Atleti e coronavirus – Paolo Bertolucci ringrazia le nuove regole anti… asciugamani!

Premessa: tutti vogliamo uscire dalla quarantena prima e meglio possibile, in sicurezza, tutti vogliamo tornare a far sport, e tutti sappiamo quant’ difficile stabilire nuove regole ai tempi del Corona Virus. Con Paolo Bertolucci, un ex tennista, campione di coppa Davis e di 7 titoli pro di singolare e 12 di doppio, oggi affermato telecronista, commentiamo le nuove regole varate dalla FIT per riprendere l’attività quando cadrà il lock-down. Forse a maggio, forse a giugno, o chissà.

Paolo Bertolucci (foto Youtube) 

Lo sport riprenderà davvero in tempi brevi?

“Vorrei rispondere di sì, mi auguro di sbagliarmi, ma per quest’anno la vedo davvero difficile, per gli sport non di contatto come il tennis e ancor di più per quelli di contatto come il calcio. Al di là di tutti gli avvertimenti e le regole sulle distanze e le precauzioni. Capisco il desiderio e gli interessi per rimettere in moto tutto il meccanismo, ma vedo problemi di attuazione molto complicati da risolvere. Come si fa a ripartire?”.

Passiamo al tennis.

Regola numero 1: in prossimità dei campi arrivare sempre con mascherina, guanti e gel igienizzante.
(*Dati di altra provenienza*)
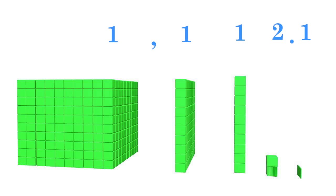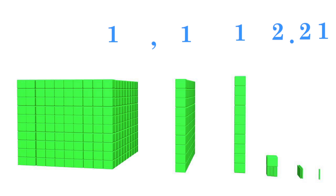The number place to the right of the tenths place is the hundredths place, where every unit is 1 hundredth the value of 1, and so on.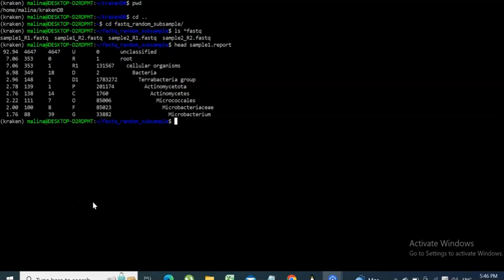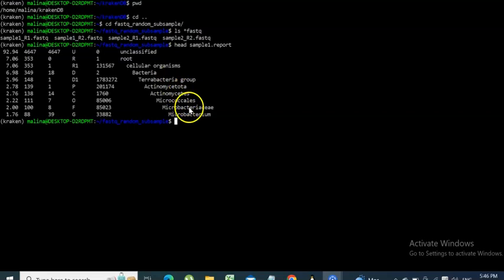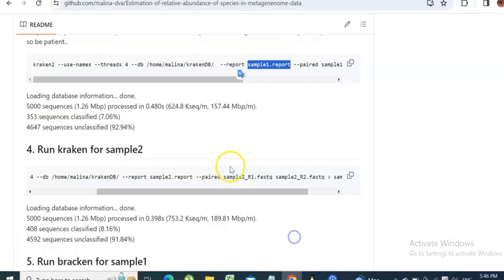In video one of this tutorial, we generated a Kraken report for sample one and had a quick look at what it contains. An important thing about the output is that most of the reads in our FASTQ files do not map to the database we use. The first and most probable reason is that most of the species in our sample are simply not present in the database.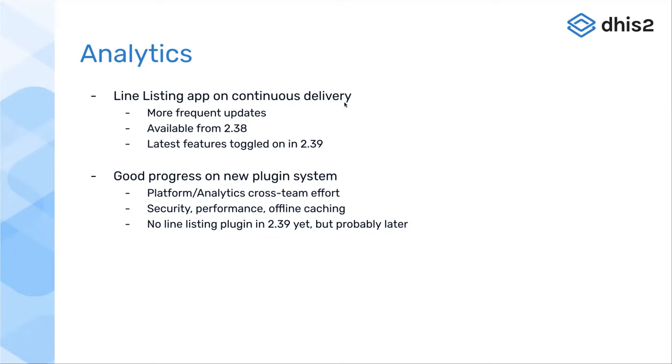Unfortunately, we did not complete the line listing plugin for 2.39, this initial release of 2.39, but we're hopefully going to get it in as soon as possible.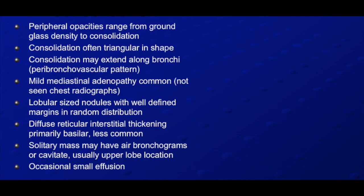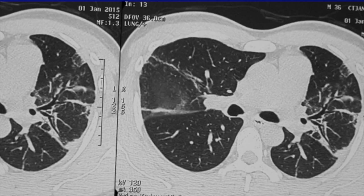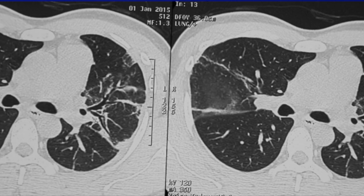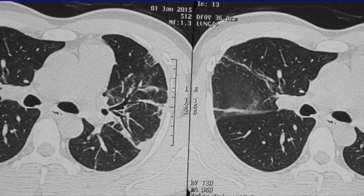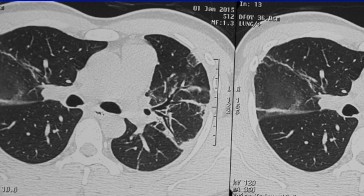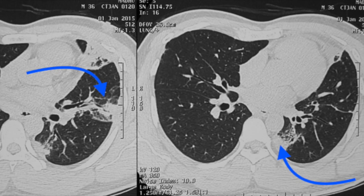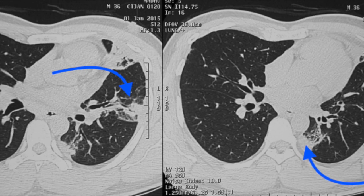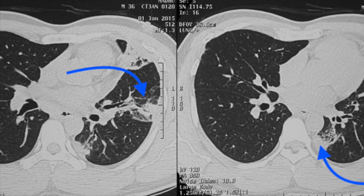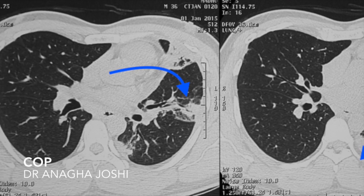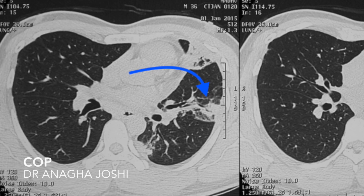You can have mediastinal lymphadenopathy. You can have pleural effusion, like in this case. There can be some amount of fever but dry cough. In a given clinical setting, triangular-based multiple consolidations with septal thickening — multiple consolidations not confined to one lobe — think of COP.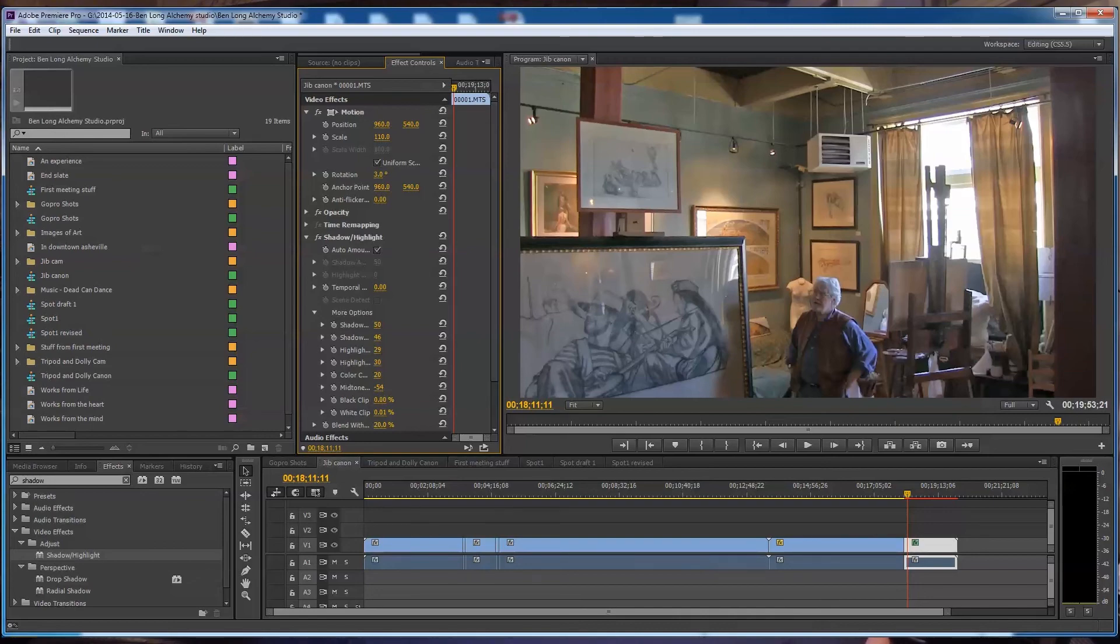So there you go. In two minutes, a little quick demo of what can be done very easily by dropping a filter in Adobe Premiere Pro CC. Cheers. Peace. Thanks for watching.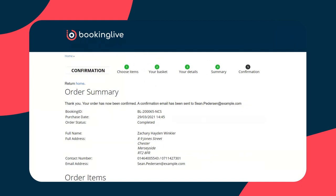You can include nice PDF attachments and any pre-reading materials that may be needed. An email is also sent through to the admin team letting them know that a new order has been taken. But most importantly, all of this is updated in real time automatically in the admin system.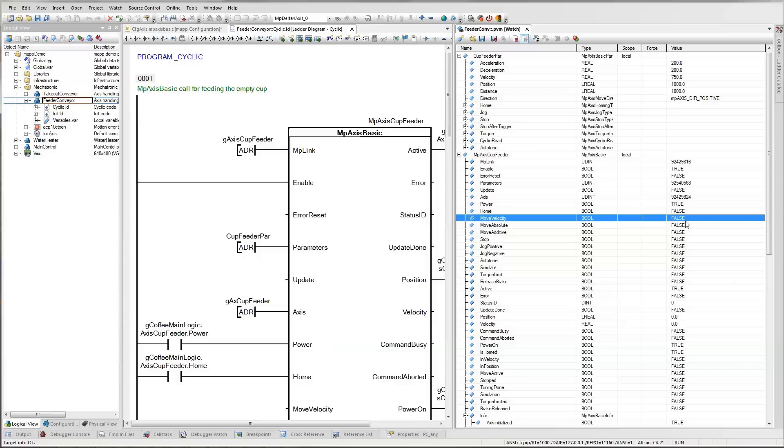Based on the frontline experience of controls engineers, this software is so sophisticated it really is simple to program, to change parameters, and to troubleshoot machinery in the field.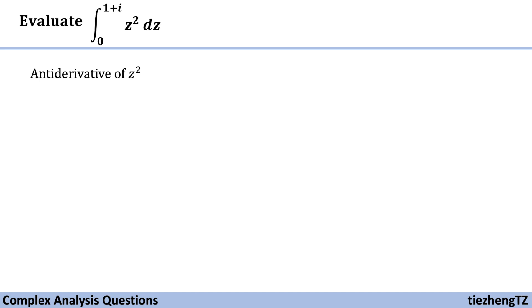So first, antiderivative of z square, we know it is z cube over 3. Well, it should be there is a constant, but here in this example we just neglect that part.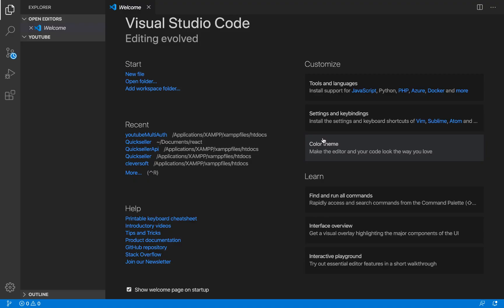Hello guys, welcome once again to my channel. In this video we're going to be kicking off with the React aspect of this application. The last video we looked at the endpoints for viewing profile, logging out, and refreshing our token — basically the Lumen aspect of this application.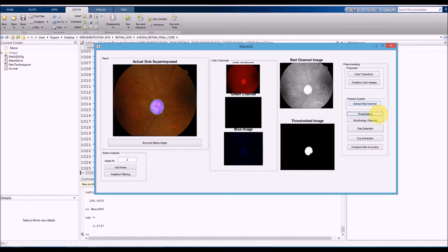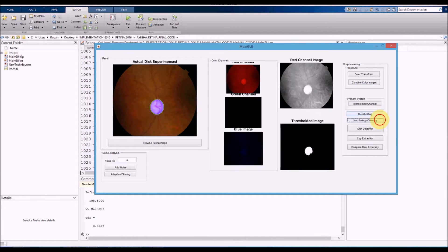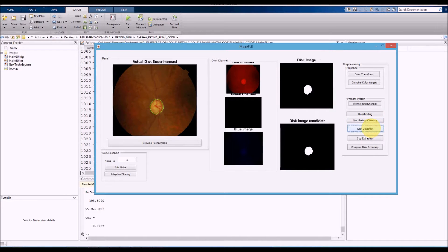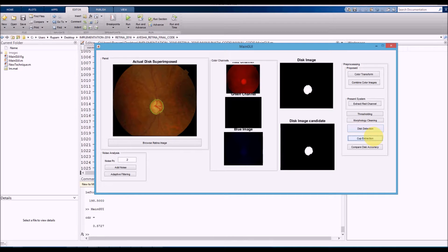We perform thresholding on the red channel. The rest of the steps remain the same: morphological processing, detect the disk area, detect the cup area.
“E vabbè, ci si abitua a tante cose, ci si abituerà. Del resto, bisogna avere rispetto per la propria salute e per quella degli altri. Eppoi, ormai quando vanno in campo i giocatori si portano dietro una valigia, non saranno tre cose in più a creargli problemi”.

Regola numero 2: mantieni la distanza di sicurezza di almeno un metro prima, durante e dopo aver giocato a tennis, soprattutto nel doppio.

“In singolare questo problema non sussiste: i giocatori sono sempre lontani qualche metro e sono divisi comunque dal net. In doppio cambia, e se i due compagni vanno sulla stessa palla c’è anche contatto vero e proprio: che succede se, come avveniva fino all’altro ieri, si toccano proprio? Che si fa: chiedono la sostituzione?”.

Si giocherà sempre di più il doppio dei circoli: un giocatore davanti e uno indietro.

“Sì, col libero… Mai più sulla stessa linea! Magari bisognerà anche cambiare il nome del doppio, come con la coppa Davis… Del resto, altra soluzione non esiste se non sperare che fra qualche mese tutte queste regole siano sparite di nuovo”.

Regola numero 3: quando giochi, ricordati di indossare il guanto con la mano non dominante.

“La vedo difficilissima. Anche se capisco il pericolo della palla toccata da più mani al servizio, a me, col guanto, quando vado a fare la spesa, la mano mi suda già dopo 4-5 minuti. Come fai d’estate, sudato, sotto il sole?”.

Regola numero 4: se non riesci a giocare con il guanto, poiché giochi il rovescio a due mani, utilizza il gel disinfettante ad ogni cambio campo.

“Basta che non mi faccia perdere la presa, e basta che qualcuno dalla tribuna me lo ricordi sempre o mi metta un orologio-sveglia che mi ricordi che cosa devo fare a ogni cambio campo. Senza pensare che in quei momenti, da giocatore, ho tante altre cose da fare, come recuperare, pensare, riorganizzarmi, bere, cambiarmi il polsino, verificare la tensione della racchetta…”.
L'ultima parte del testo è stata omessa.